Sunday, August 28, 2005

Beyond Katrina and New Orleans

As New Orleans is "threatened with potential catastrophe", more people are likely to ask whether anthropogenic global warming has made a difference, or - more to the point - could make more difference in future.

Rasmus Benestad concluded in his 5 August RealClimate post Storms and Global Warming II that "there is little evidence of a trend in the [Tropical cyclone] frequency, [but ] there are some indications of a trend in the destructive capability of the TCs".

So there could be more category five storms in future. Given its potentially high impact, Hurricane Katrina may concentrate more minds on whether it is...cost effective to go along with those who deny the scientific consensus on climate change.

Meanwhile the scenes from New Orleans push a number of emblematic buttons: the conduit for one third of US domestic oil production shut down; Interstate 10, which was converted on Saturday so that all lanes headed one-way out of town, in total gridlock; and a substantial proportion of the Louisiana National Guard is off in...Iraq.

1 comment:

Caspar Henderson said...

King: Global warming may be to blame
By Andrew Buncombe
The Independent
31 August 2005

Sir David King, the British Government's chief scientific adviser, has warned that global warming may be responsible for the devastation reaped by Hurricane Katrina.

"The increased intensity of hurricanes is associated with global warming," Professor King told Channel 4 News yesterday. "We have known since 1987 the intensity of hurricanes is related to surface sea temperature and we know that, over the last 15 to 20 years, surface sea temperatures in these regions have increased by half a degree centigrade.

"So it is easy to conclude that the increased intensity of hurricanes is associated with global warming."

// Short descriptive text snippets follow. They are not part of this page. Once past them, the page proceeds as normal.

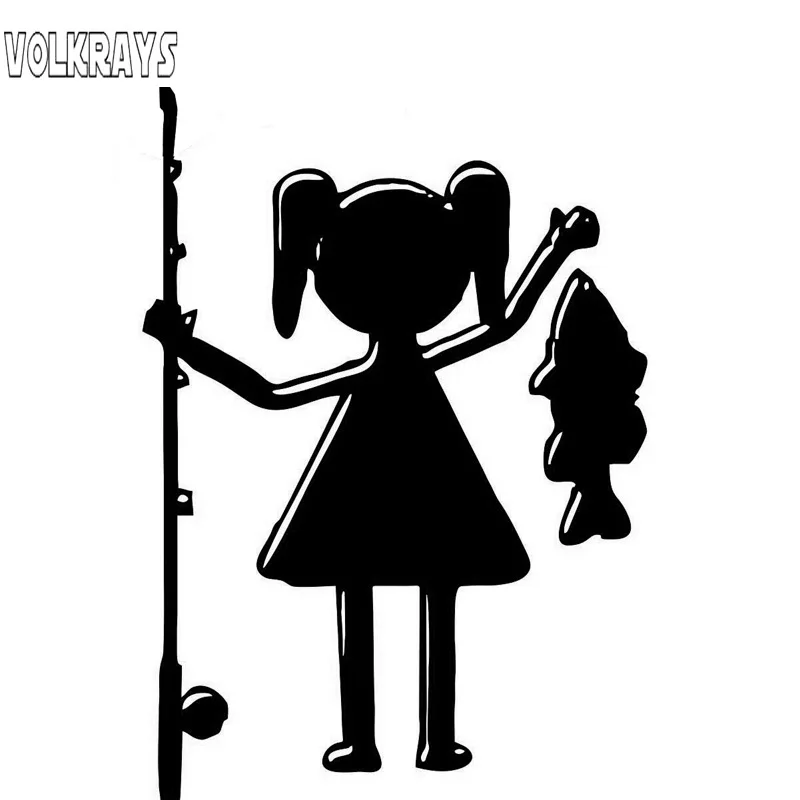 Volkrays креативные автомобильные Стикеры для девочек Аксессуары рыбалки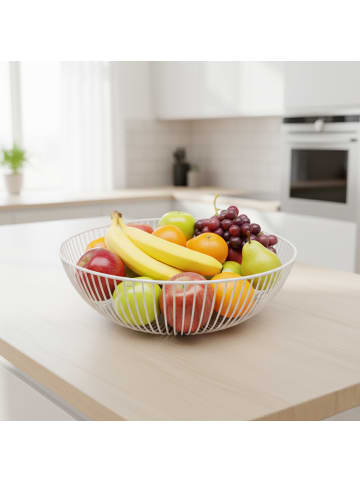 relaxdays Obstschale in Weiß - (H)8 x Ø 28 cm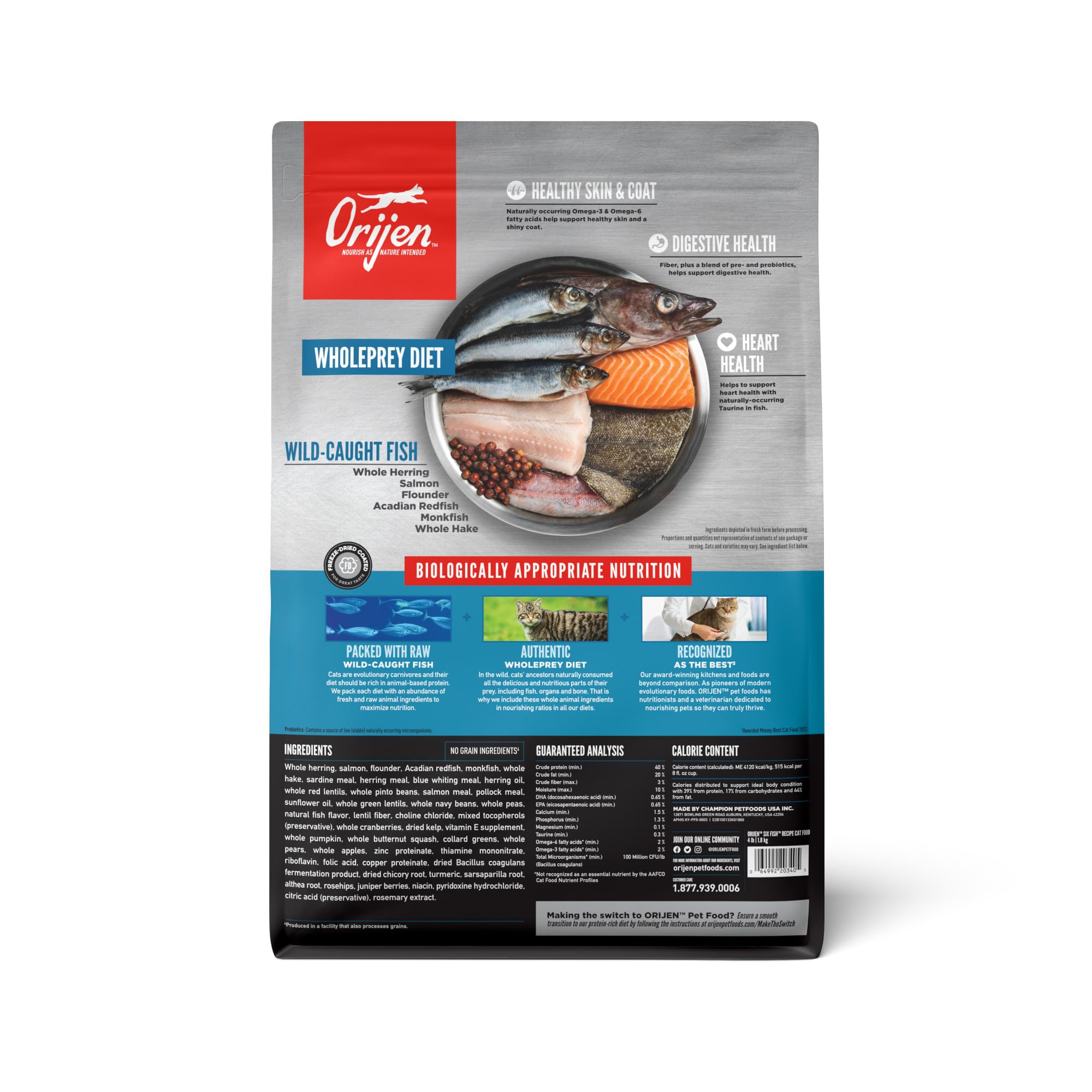 ORIJEN Seis Pescados: primeros ingredientes crudos, proteína de alta calidad.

Professor Kerry Emanuel of the Massachusetts Institute of Technology also claimed, less than a month ago, that ocean surfaces had become warmer, which doubled the destructive potential of tropical storms in the past 30 years.

But he said that Monday's storm "is part of a natural" cycle of powerful Atlantic storms that have struck since 1995. He told The Independent: "I don't think you can put this down to global warming."

Other scientists point out that the 150-year record of Atlantic storms show there is ample precedent for hurricanes of Katrina's power. They say it is part of a natural upswing that has taken place since the mid-90s.

Officials at the US National Oceanic and Atmospheric Administration said records showed hurricane activity in the Atlantic had been higher than normal in nine of the past 11 years. This month the federal agency raised its hurricane forecast for this year from 18 to 21 tropical storms, including as many as 11 that would become hurricanes.

If that prediction holds true, it would make this year one of the most violent hurricane seasons recorded. A typical year in the Atlantic results in six hurricanes. The agency said the increase was likely to be the result of cyclical ocean and atmospheric conditions that produced heightened storms every 20 to 30 years.

William Gray, a Colorado State University meteorologist who is considered one of the fathers of modern tropical cyclone science, said worldwide weather records were too inadequate for a thorough examination of trends.

He told The Los Angeles Times: "The people who have a bias in favour of the argument that humans are making the globe warmer will push any data that suggests humans are making hurricanes worse, but it just isn't so ... These are natural cycles."